Bank Kanady zapowiedział przerwę w cyklu podwyżek. Co zrobią Fed i EBC?

Bank Kanady podniósł w środę swoją główną stopę procentową do 4,5 proc., czyli najwyższego poziomu od 15 lat. Stał się tym samym pierwszym dużym bankiem centralnym, który zapowiedział, że wstrzyma się na razie z dalszymi podwyżkami. Czy inne pójdą jego śladami?

Podwyżka o 25 punktów bazowych była właściwie zgodna z oczekiwaniami analityków, więc teoretycznie nie ma zaskoczenia. Bank Kanady podnosił stopy w rekordowym tempie 425 punktów bazowych w ciągu 10 miesięcy, aby poskromić inflację, która osiągnęła szczyt na poziomie 8,1 proc. i spowolniła do 6,3 proc. w grudniu. To nadal ponad trzykrotnie więcej niż cel inflacyjny na poziomie 2 proc.

- Dotarliśmy do punktu przełomowego. Nadal jesteśmy daleko od naszego celu, ale ostatnie wydarzenia wzmocniły naszą pewność, że inflacja spada - powiedział dziennikarzom Tiff Macklem, gubernator Banku Kanady.

Reklama

Bank Kanady jak Rezerwa Federalna?

Do tej pory Kanada w zasadzie kopiowała rozwiązania amerykańskiej Rezerwy Federalnej, która w ciągu ostatniego roku podniosła swoją główną stopę procentową właśnie o 425 punktów bazowych. Fed ma zwolnić tempo podwyżek na najbliższym posiedzeniu, które odbędzie się na przełomie stycznia i lutego.

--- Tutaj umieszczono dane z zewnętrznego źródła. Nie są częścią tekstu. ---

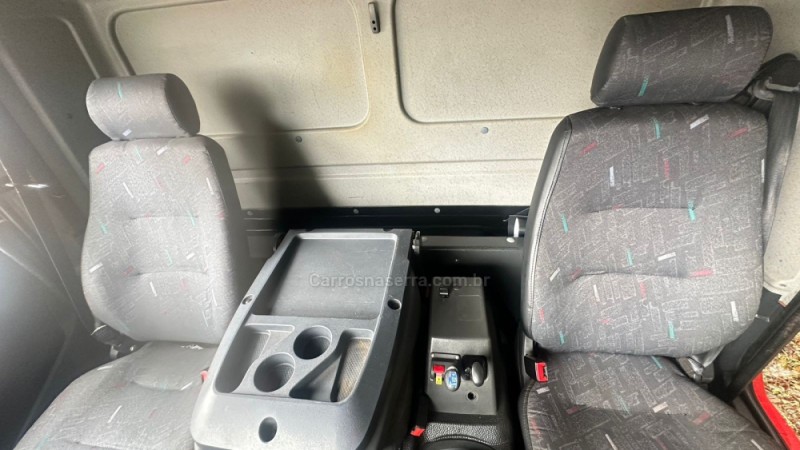 ATEGO 2425 3 EIXOS - 2010 - GARIBALDI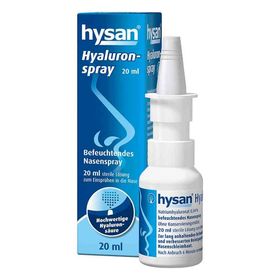 Hysan Hyaluronspray (20 ml) – PZN 13947008 из Германии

Zdaniem Kamila Cisowskiego, dyrektora Zespołu Analiz i Doradztwa Inwestycyjnego w Domu Inwestycyjnym Xelion, decyzja Banku Kanady oczywiście zwiastuje koniec okresu podwyżek stóp procentowych w głównych globalnych gospodarkach. Dodatkowo, malejące tempo wzrostu gospodarczego i spadająca szybko inflacja ograniczają ryzyko dalszego zacieśnienia. 

- Należy jednak pamiętać, że cykl podwyżek w Kanadzie rozpoczął się wtedy, gdy w USA i wcześniej niż w Europie. Rezerwa Federalna zapewne wykona maksymalnie dwa kolejne ruchy po 25 punkty bazowe, w lutym i marcu - ocenił Kamil Cisowski w rozmowie z Interią Biznes.

EBC ma nieco trudniejszą sytuację

W jego opinii nieco inaczej wygląda sytuacja Europejskiego Banku Centralnego, którego działania były spóźnione. 

- Jego przedstawiciele sugerują obecnie, że mogą nas czekać potencjalnie nawet cztery kolejne podwyżki: dwie po 50 punktów bazowych i kolejne dwie po 25 punktów bazowych. Inflacja w Europie pozostaje wyższa niż w innych regionach świata, stopy są wyraźnie niższe - powiedział przedstawiciel Domu Inwestycyjnego Xelion.

Cykl może się również zakończyć w ciągu najbliższych dwóch posiedzeń, ale nie jest to w tej chwili scenariusz bazowy, bo wymagałby poważnego pogorszenia w danych ze sfery realnej i kolejnych silnych zaskoczeń dotyczących tempa spadku inflacji.

Czas na obserwację?

Tymczasem Royce Mendes, dyrektor i szef strategii makro w Desjardins, powiedział, że Macklem i jego zespół utrzymają stopy w zawieszeniu przynajmniej przez kilka najbliższych miesięcy. - W efekcie oczekujemy, że będzie to ostatnia podwyżka stóp w tym cyklu - powiedział.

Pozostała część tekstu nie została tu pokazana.